Three gaunt adolescent boys ran among the tables of the café. Two of them carried armloads of wood, and the third clutched a piece of meat. It appeared to be the ribs of a large animal and it had begun to spoil; Christopher smelled its rancid odor. The boys crouched by a mimosa tree a few yards from the café and started a fire. The flames burst upward, licking the bole of the tree, silhouetting the thin boys, who threw the meat into the fire and danced away from its heat.

The child who had been carrying the meat darted away from his friends and came to Christopher’s table, giggling as he ran. He was a leper. He snatched Christopher’s unfinished bottle of beer from the table and ran away, hugging it against his chest with a fingerless hand. Back at the fire, he and his companions passed the bottle from mouth to mouth.
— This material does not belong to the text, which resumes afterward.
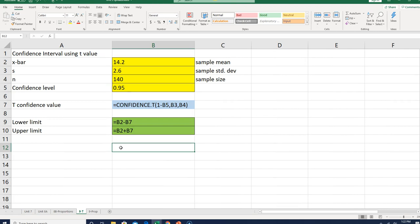Once you have it set up, you just have to recognize when you're doing the homework whether it's this type of confidence interval using the mean, or the other kind using the proportion.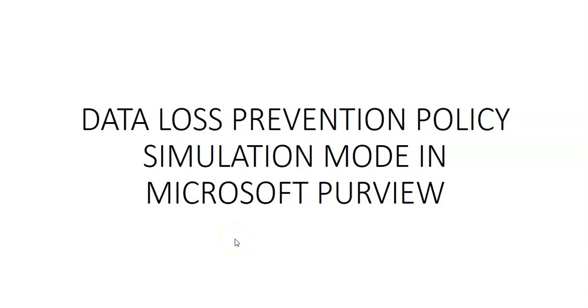Hi, my name is Ashish and in this video we will discuss data loss prevention policy simulation mode in Microsoft Purview.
Christopher paid the impassive waiter and walked away. The unlighted streets were deserted except for an occasional Congolese, asleep in the dirt. By day, the concrete buildings, painted white or rose or pale blue like the Belgian sky, showed tropical sores and lesions. Now they were dark shapes, too geometrical to be natural, but emitting no more light than the forest that lay a few hundred yards away. Christopher walked in the middle of the street, to avoid the doorways. When he looked back, he saw the faint reflection of the fire in the high branches of the tree by the café.

It was too dark to see the river, but he could hear it. A power launch passed, showing no lights, and Christopher heard the canoes rattling at their moorings in its wake. He walked along the bank until he saw the outlines of a river steamer; it had once been white and its blunt stern was clearly visible against the sky. Christopher, leaning against a piling, waited until he saw a tall man go aboard the steamer. Then Christopher climbed the gangplank, crossed the deck, and went down a ladder into the interior of the boat. A candle burned in a stateroom at the end of a narrow gangway, and Christopher walked toward its nervous light. He heard Nsango behind him, and stopped.